De longues soirées étalées sur de longs mois furent nécessaires à cette préparation. Car, notamment 256 adresses manuscrites à écrire, cela prend du temps. Sans compter les timbres à lécher… Et il fallait se dépêcher, car je tenais absolument à ce que le seizième envoi soient reçus par les éditeurs le 14 février : 14 comme le nom de la dernière ligne, 14 février comme le jour sur lequel se déroule le récit, et 14 février 2013 comme le jour tant redouté.

Le timing se devait d’être parfait.

La ligne 14 (3/16)

Le concept fut rapidement trouvé : puisque mon récit tournait autour du thème du métro, il fallait également que l’opération se concentre sur ce sujet. Combien y avait-il de lignes de métro à Paris ? 16. (De 1 à 14, plus les déconsidérées 3 bis et 7 bis.) J’allais donc contacter 16 éditeurs. Sur 16 jours. Et tous les jours j’allais envoyer à ces 16 éditeurs un petit objet relatif au métro ou au récit. Ainsi pour le premier jour, j’allais simplement envoyer le numéro de la ligne 1 imprimé et découpé dans son cercle jaune avec un billet de métro non composté : pour un premier envoi anonyme ce serait une adéquate invitation au voyage. Pour le deuxième jour, le rond bleu de la ligne 2 accompagné d’un plan de métro. Et ainsi de suite avec le reste des lignes, tous les jours les ouvrés de la semaine, avec journaux gratuits du métro, timbres fabriqués pour l’occasion avec plan du métro parisien dessus, autocollants du lapin rose de la RATP, plumes de pigeons, ou bien encore prospectus de marabouts.
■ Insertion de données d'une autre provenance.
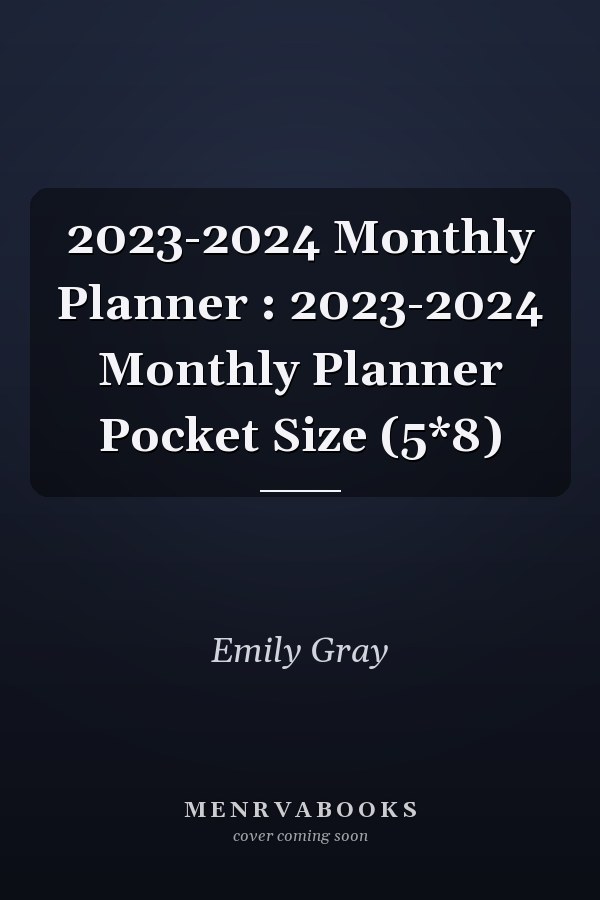 2023-2024 Monthly Planner : 2023-2024 Monthly Planner Pocket Size (5*8)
Jusqu’à même faire de faux pass Navigo avec la photo et le nom de chaque éditeur pour le quinzième jour, car le seizième viendrait le manuscrit, le précieux manuscrit.

La ligne 14 (2/16)

Il traînait dans un tiroir de mon disque dur externe depuis plus d’un an, rejeté comme un enfant qu’on aurait préparé pendant des années à un concours et qu’on sortirait au moment jugé parfait. Je ne voyais plus comment le perfectionner, à moins de le déconstruire totalement. J’avais pourtant déjà déplacé et replacé toutes les virgules et les points-virgules qui le cimentaient : il était temps aux éditeurs de le montrer. Toutefois, si j’ai bien tiré une leçon de l’envoi de mon premier manuscrit lorsque j’avais 18 ans, c’est que son envoi à l’aveuglette, sans contact nominatif particulier est comme le jet d’une bouteille à la mer : peine perdue en temps, énergie, espoir et autres grandes aspirations qu’en chacun de nous on peut porter. À dix ou quinze manuscrits reçus chaque jour par un éditeur parisien, comment faire pour émerger de cet océan de manuscrits qui restent pendant de longs mois empilés plein de poussières dans une pièce obscure à double tour fermée ?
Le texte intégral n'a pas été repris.